EXERCISE OBJECTIVE: Your task is to retype the lines from the opening of the material through the line that includes "Top view of". Do not copy the pictures.

[Start of Attachment]

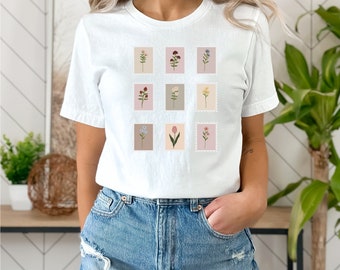 T-shirt bloemenstempel: Cottagecore Wildflower-ontwerp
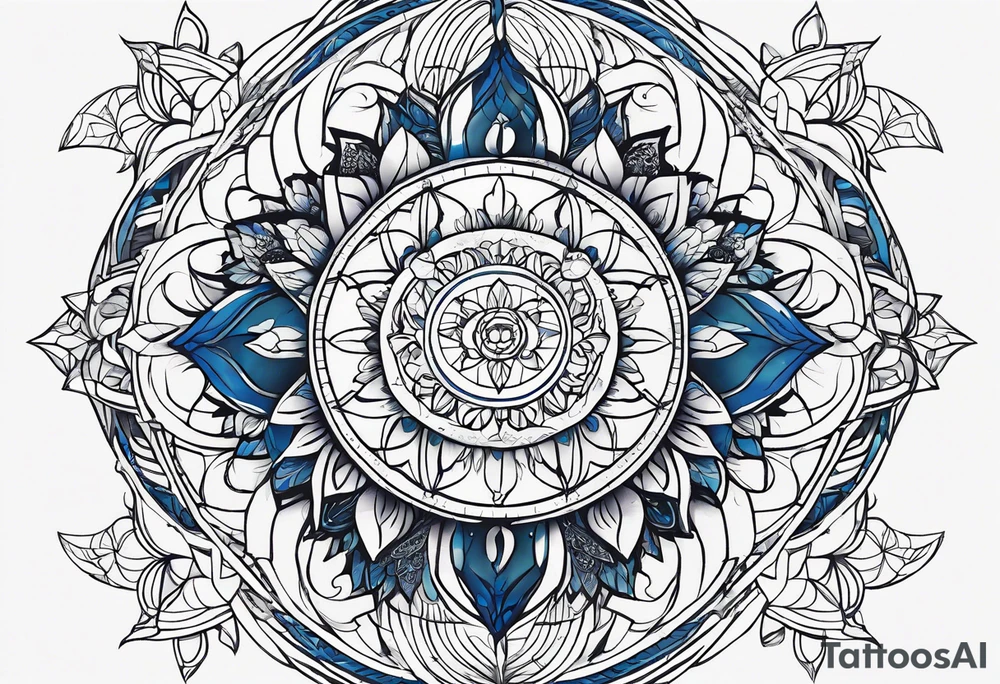 Linear minimalistic metatron , with abstract floral patern in blue linear design tattoo idea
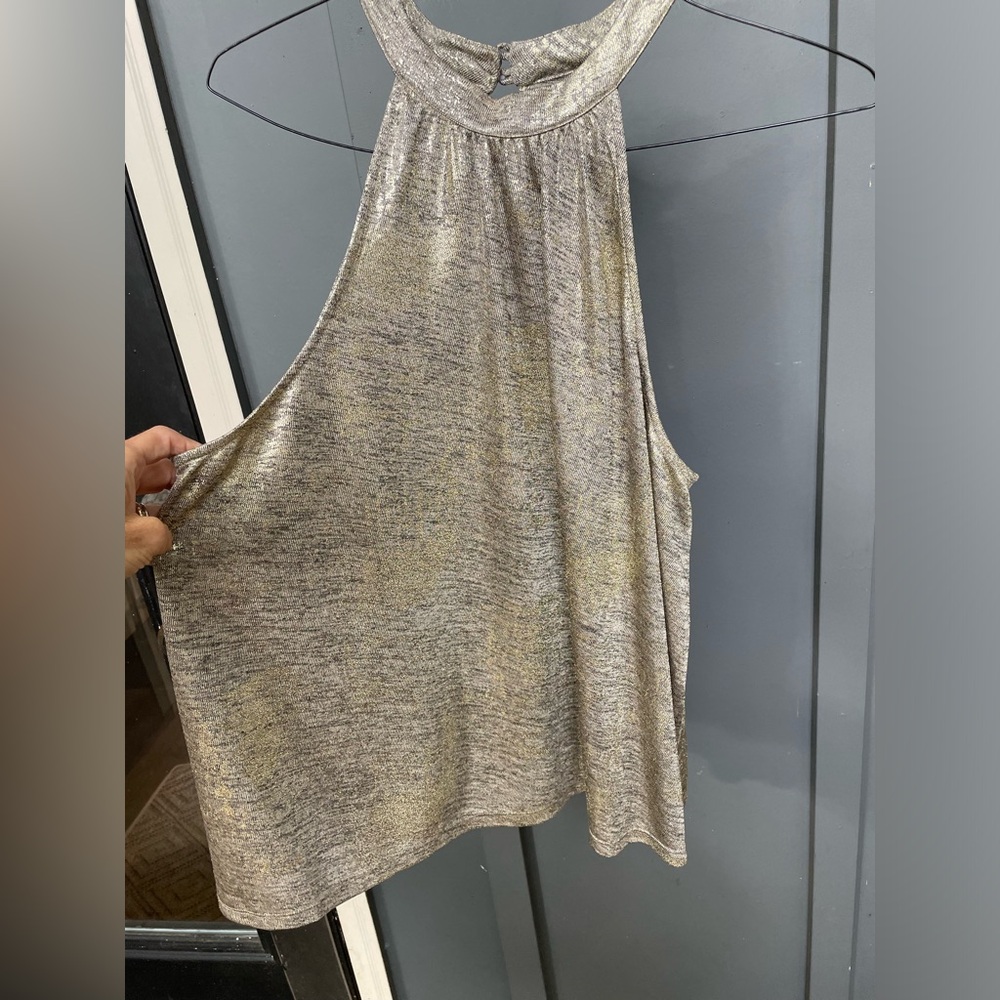 Sandy Liang Metallic Gold and Black Top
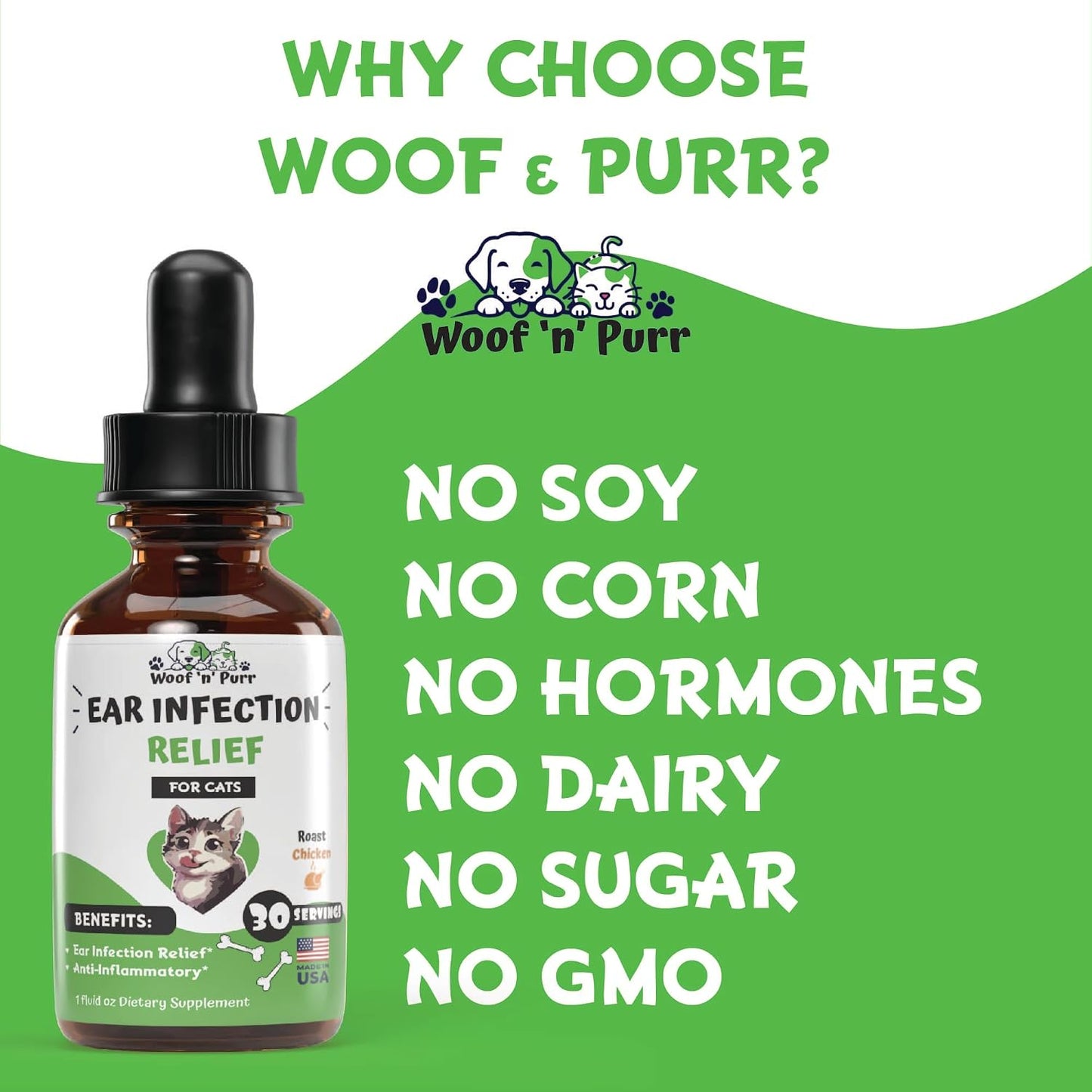 Top view of Woof 'n' Purr liquid tincture for cats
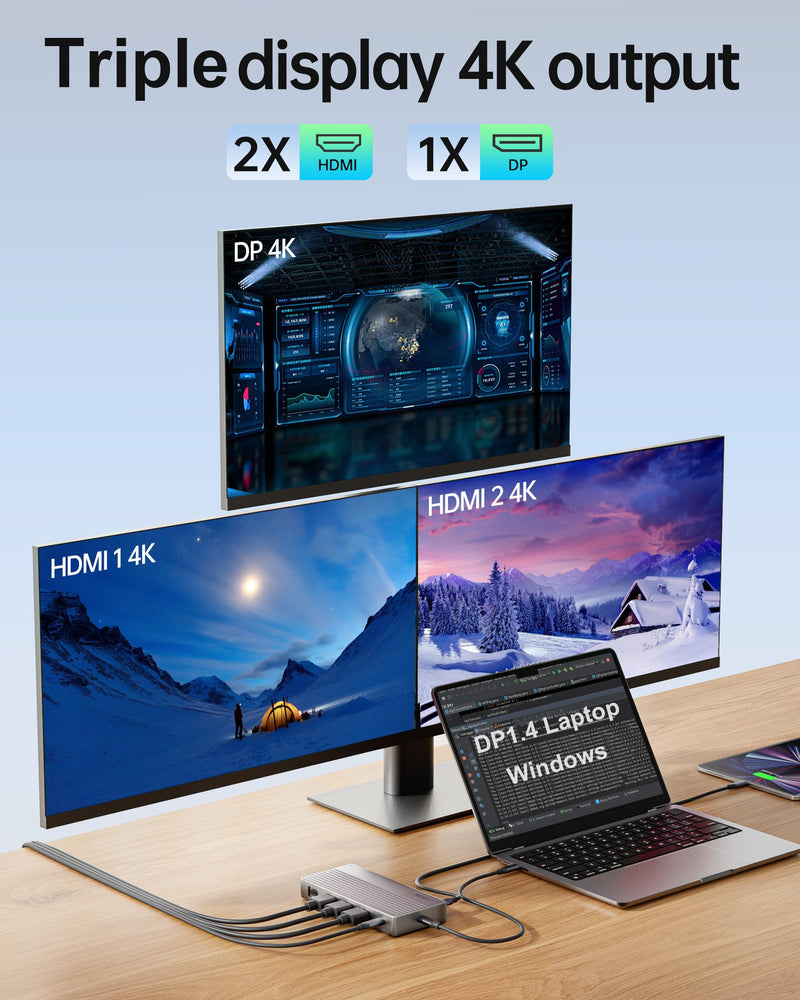 Laptop Docking Station,USB C Dock(11-in-1)with Support 4K Triple Displays,4K Dual HDMI,Single 8K DP,100W PD,4USB,Ethernet,SD Card Reader,Dual Monitor Laptop Dock Compatible with MacBook Dell/HP/Lenovo 2HDMI(4K)&DP(8k)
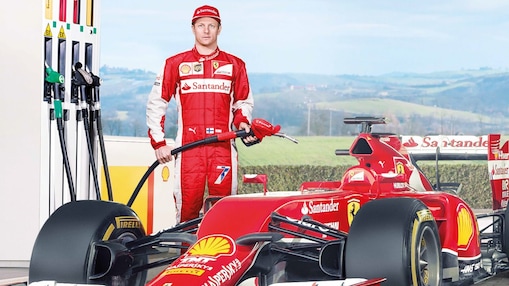 Ferrari F1 driver using Shell Helix Ultra oil to fill up car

[End of Attachment]

FINISHED EXERCISE:
 T-shirt bloemenstempel: Cottagecore Wildflower-ontwerp
 Linear minimalistic metatron , with abstract floral patern in blue linear design tattoo idea
 Sandy Liang Metallic Gold and Black Top
 Top view of Woof 'n' Purr liquid tincture for cats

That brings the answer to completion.